Seri is faced with this situation. She can let it go now, or… oh. You see, as a writer, I’ve fully developed Seri’s personality, motivations, and so on, over the course of the previous 130,000 words. Anything she does now should follow logically from what’s been established. And clearly, based on all that, she would not let this go.
Knowing this in my brain, I continued writing, just following what would logically play out, based on Seri’s personality, and the rules of this world I’ve established. Her actions had consequences. When the scene was all over, I sat back and whispered, “Oh, Seri. What did you DO?”
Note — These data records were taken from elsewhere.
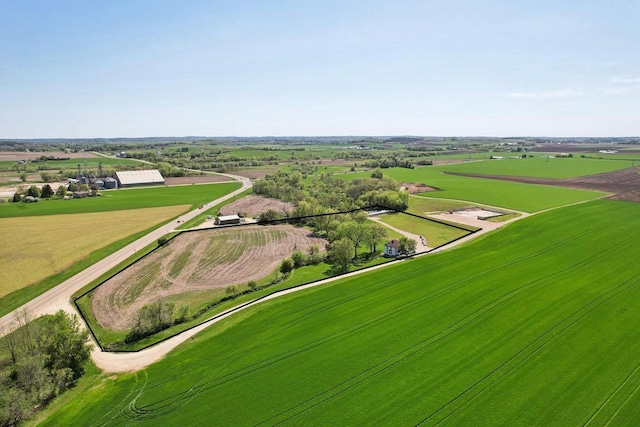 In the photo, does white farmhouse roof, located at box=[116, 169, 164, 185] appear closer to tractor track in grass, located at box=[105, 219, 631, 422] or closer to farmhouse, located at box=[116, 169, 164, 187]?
farmhouse, located at box=[116, 169, 164, 187]

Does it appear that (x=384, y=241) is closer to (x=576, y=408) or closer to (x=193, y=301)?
(x=193, y=301)

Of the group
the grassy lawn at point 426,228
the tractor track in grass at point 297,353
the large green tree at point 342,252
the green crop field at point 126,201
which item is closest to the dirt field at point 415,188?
the grassy lawn at point 426,228

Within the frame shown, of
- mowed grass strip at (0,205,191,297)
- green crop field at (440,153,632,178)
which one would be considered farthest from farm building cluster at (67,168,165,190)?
green crop field at (440,153,632,178)

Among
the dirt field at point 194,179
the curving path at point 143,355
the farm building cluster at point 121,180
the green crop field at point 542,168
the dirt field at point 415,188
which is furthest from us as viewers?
the green crop field at point 542,168

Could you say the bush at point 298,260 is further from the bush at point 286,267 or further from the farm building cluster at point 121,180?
the farm building cluster at point 121,180

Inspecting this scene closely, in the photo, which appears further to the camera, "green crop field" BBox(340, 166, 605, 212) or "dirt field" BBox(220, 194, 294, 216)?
"dirt field" BBox(220, 194, 294, 216) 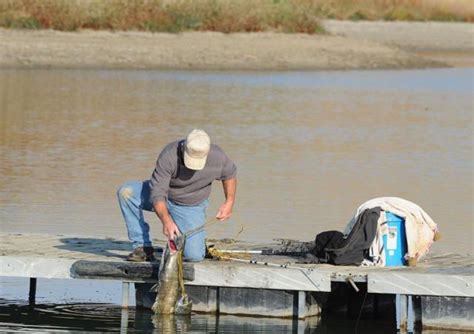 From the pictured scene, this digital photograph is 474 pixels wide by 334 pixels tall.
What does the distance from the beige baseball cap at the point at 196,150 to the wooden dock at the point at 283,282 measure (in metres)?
0.70

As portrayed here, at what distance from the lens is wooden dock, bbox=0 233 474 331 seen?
33.2ft

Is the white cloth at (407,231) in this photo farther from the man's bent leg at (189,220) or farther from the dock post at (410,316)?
the man's bent leg at (189,220)

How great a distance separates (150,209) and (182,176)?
376 millimetres

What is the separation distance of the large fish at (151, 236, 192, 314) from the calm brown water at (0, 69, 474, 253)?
332cm

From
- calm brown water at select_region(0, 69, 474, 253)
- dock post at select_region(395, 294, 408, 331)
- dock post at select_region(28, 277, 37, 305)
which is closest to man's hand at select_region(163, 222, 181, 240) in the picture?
dock post at select_region(28, 277, 37, 305)

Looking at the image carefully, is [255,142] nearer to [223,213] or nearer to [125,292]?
[125,292]

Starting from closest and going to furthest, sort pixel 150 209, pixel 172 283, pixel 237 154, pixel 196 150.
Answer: pixel 196 150
pixel 172 283
pixel 150 209
pixel 237 154

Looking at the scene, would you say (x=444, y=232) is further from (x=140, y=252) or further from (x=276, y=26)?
(x=276, y=26)

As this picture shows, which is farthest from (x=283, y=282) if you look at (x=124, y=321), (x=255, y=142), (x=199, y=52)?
(x=199, y=52)

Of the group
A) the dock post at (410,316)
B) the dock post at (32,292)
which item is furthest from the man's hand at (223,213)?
the dock post at (32,292)

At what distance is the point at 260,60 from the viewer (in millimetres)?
39500

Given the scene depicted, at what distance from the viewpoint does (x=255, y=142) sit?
2280 cm

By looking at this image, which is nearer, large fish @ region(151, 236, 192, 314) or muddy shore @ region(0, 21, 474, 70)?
large fish @ region(151, 236, 192, 314)

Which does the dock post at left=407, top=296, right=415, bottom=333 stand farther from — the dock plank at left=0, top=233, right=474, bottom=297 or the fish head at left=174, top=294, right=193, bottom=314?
the fish head at left=174, top=294, right=193, bottom=314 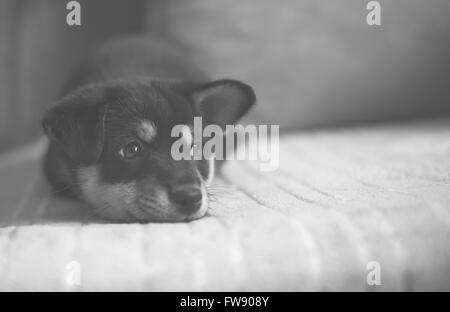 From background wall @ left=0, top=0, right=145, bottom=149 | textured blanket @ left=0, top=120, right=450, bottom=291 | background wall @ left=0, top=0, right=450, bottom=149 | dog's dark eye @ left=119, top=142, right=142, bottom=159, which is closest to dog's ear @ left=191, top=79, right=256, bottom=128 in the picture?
dog's dark eye @ left=119, top=142, right=142, bottom=159

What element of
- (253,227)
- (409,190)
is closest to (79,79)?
(253,227)

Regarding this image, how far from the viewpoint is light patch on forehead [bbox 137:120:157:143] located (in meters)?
1.34

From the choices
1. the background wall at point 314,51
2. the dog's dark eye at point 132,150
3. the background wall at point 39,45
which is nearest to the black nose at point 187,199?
the dog's dark eye at point 132,150

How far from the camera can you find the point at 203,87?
58.2 inches

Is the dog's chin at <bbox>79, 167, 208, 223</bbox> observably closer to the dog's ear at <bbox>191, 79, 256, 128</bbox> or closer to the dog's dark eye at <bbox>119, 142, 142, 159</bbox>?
the dog's dark eye at <bbox>119, 142, 142, 159</bbox>

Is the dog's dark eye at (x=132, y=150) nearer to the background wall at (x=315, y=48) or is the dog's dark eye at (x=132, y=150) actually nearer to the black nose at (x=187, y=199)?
the black nose at (x=187, y=199)

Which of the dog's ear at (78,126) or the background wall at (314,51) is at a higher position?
the background wall at (314,51)

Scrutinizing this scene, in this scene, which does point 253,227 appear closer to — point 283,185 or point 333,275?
point 333,275

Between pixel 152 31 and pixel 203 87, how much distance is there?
0.83 meters

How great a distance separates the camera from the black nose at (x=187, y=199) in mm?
1240

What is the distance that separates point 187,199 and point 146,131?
22 centimetres

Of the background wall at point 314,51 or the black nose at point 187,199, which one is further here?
the background wall at point 314,51

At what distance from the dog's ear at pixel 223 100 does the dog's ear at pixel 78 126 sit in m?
0.29

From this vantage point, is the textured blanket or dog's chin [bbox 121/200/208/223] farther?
dog's chin [bbox 121/200/208/223] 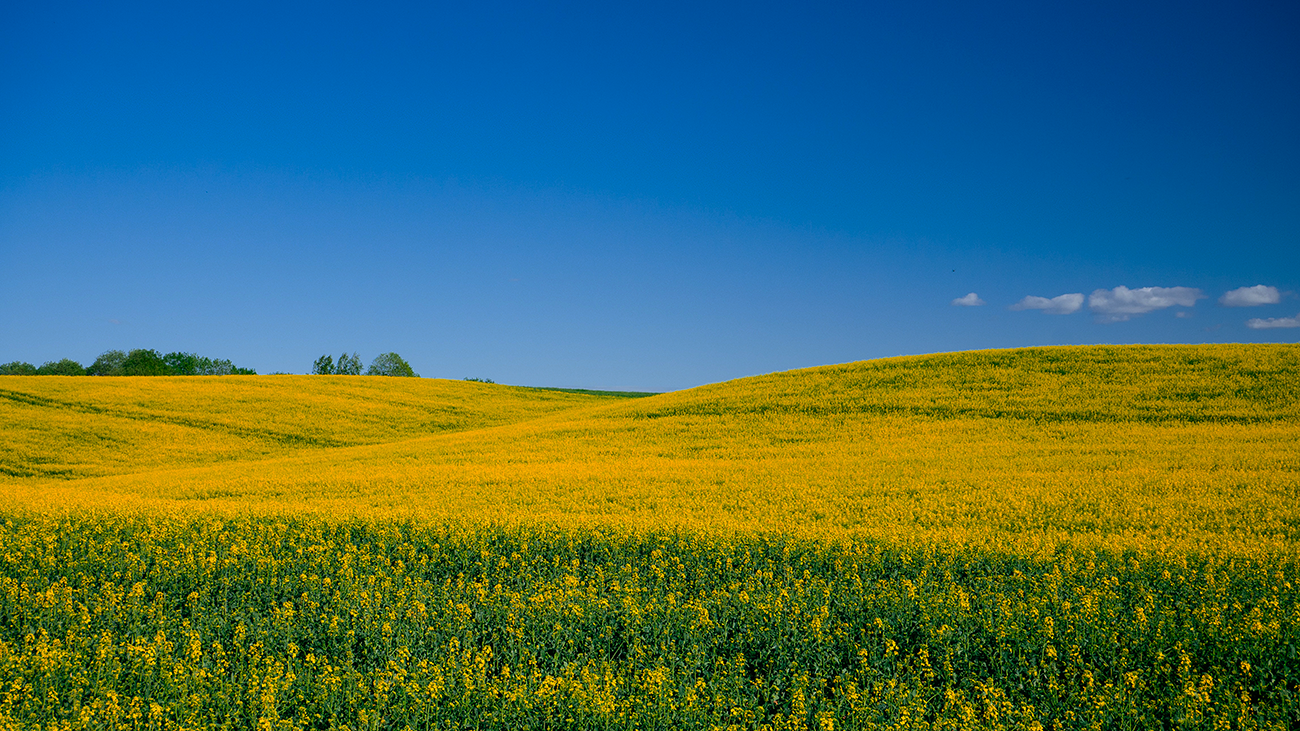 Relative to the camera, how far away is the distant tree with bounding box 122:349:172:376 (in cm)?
7862

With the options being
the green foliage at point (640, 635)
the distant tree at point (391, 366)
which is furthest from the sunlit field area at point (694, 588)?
the distant tree at point (391, 366)

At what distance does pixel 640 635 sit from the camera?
20.6 feet

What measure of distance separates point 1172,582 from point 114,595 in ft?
36.9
This changes her entire character arc for the book. It alters some major scenes I had planned later on. And it gives me something entirely new to develop when she meets certain other characters.
I could have chosen not to write this chapter that way. I could have kept her from taking this action. It would have been easy. But it would have contradicted either her character or the world’s rules. And readers would have noticed.
This is what I mean when I say a character surprised me. Logically, it’s not a surprise. It makes perfect sense. But I did not see it coming. I guess that’s more of an author’s blind spot than anything else, maybe? At any rate, it certainly makes writing interesting.
In other news, the publication road continues. Yesterday, I joined the Alliance of Independent Authors. This is another (important) step on the road. The resources and advice this group provides are immensely helpful. Check them out!